** Data section **
* * *

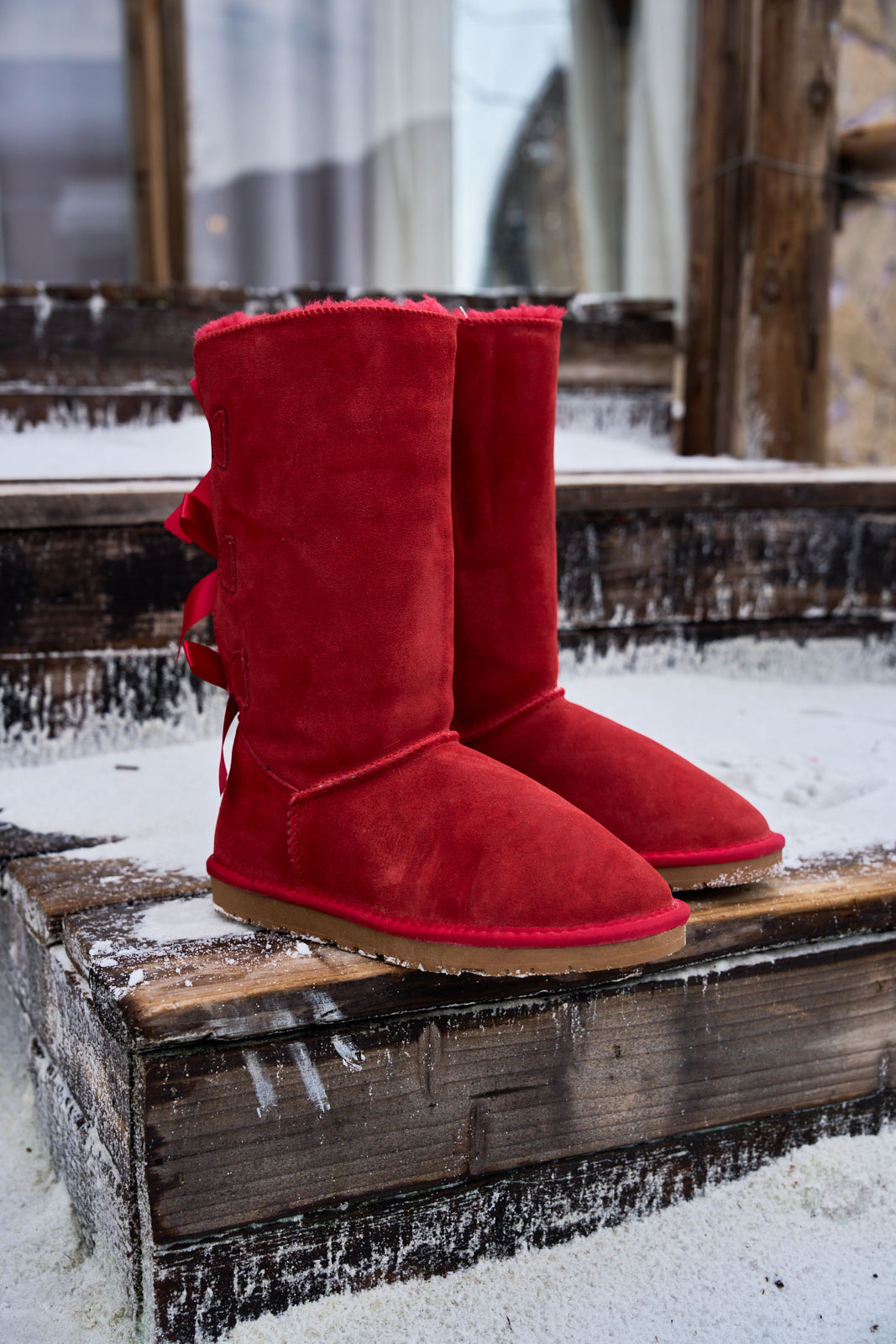 SMAIBULUN Ugg | Tri Ribbon Bow Suede Boots - Red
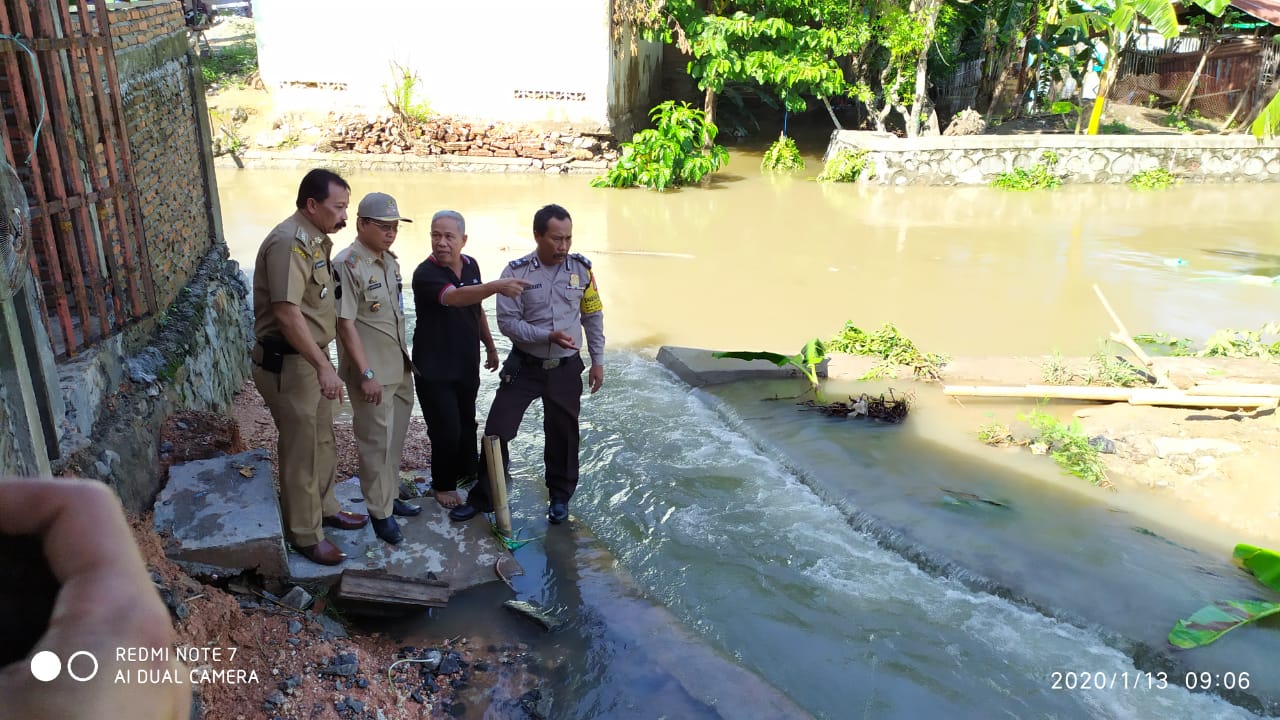 Bhabinkamtibmas Polres Sidrap Kontrol Debit Air Sungai Demi Waspadai Banjir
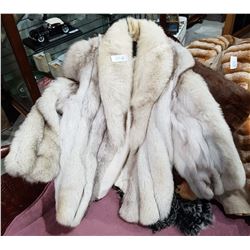 VINTAGE LADIES FOX FUR JACKET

* * *

** Description of the task **
Text only, please: give the listing again word for word with no images.

** Task answer **
 SMAIBULUN Ugg | Tri Ribbon Bow Suede Boots - Red
 Bhabinkamtibmas Polres Sidrap Kontrol Debit Air Sungai Demi Waspadai Banjir
 VINTAGE LADIES FOX FUR JACKET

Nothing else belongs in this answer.